Transient data

Background

Some recipes store transient data in a portion of the Fluo table. Transient data is data that’s continually being added and deleted. Also these transient data ranges contain no long term data. The way Fluo works, when data is deleted a delete marker is inserted but the data is actually still there. Over time these transient ranges of the table will have a lot more delete markers than actual data if nothing is done. If nothing is done, then processing transient data will get increasingly slower over time.

These deleted markers can be cleaned up by forcing Accumulo to compact the Fluo table, which will run Fluo’s garbage collection iterator. However, compacting the entire table to clean up these ranges within a table is overkill. Alternatively, Accumulo supports compacting ranges of a table. So a good solution to the delete marker problem is to periodically compact just the transient ranges.

Fluo Recipes provides helper code to deal with transient data ranges in a standard way.

Registering Transient Ranges

Recipes like Export Queue will automatically register transient ranges when configured. If you would like to register your own transient ranges, use TransientRegistry. Below is a simple example of using this.

FluoConfiguration fluoConfig = ...;
TransientRegistry transientRegistry = new TransientRegistry(fluoConfig.getAppConfiguration());
transientRegistry.addTransientRange(new RowRange(startRow, endRow));

//Initialize Fluo using fluoConfig. This will store the registered ranges in
//zookeeper making them available on any node later.

Compacting Transient Ranges

Although you may never need to register transient ranges directly, you will need to periodically compact transient ranges if using a recipe that registers them. Using TableOperations this can be done with one line of Java code like the following.

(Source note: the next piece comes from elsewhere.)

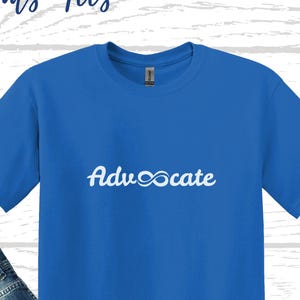 Peut inclure: Un t-shirt bleu royal avec le mot "Advocate" imprimé en blanc avec un symbole d'infini remplaçant le "O". Le t-shirt est présenté sur un mannequin avec un jean bleu et des baskets noires.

FluoConfiguration fluoConfig = ...;
TableOperations.compactTransient(fluoConfig);

Fluo recipes provides and easy way to call compactTransient() from the command line using the fluo exec command as follows:

fluo exec <app name> io.fluo.recipes.accumulo.cmds.CompactTransient [<interval> [<count>]]

If no arguments are specified the command will call compactTransient() once. If only <interval> is specified, the command will loop forever calling compactTransient() sleeping <interval> seconds between calls. If <count> is additionally specified then the command will only loop <count> times.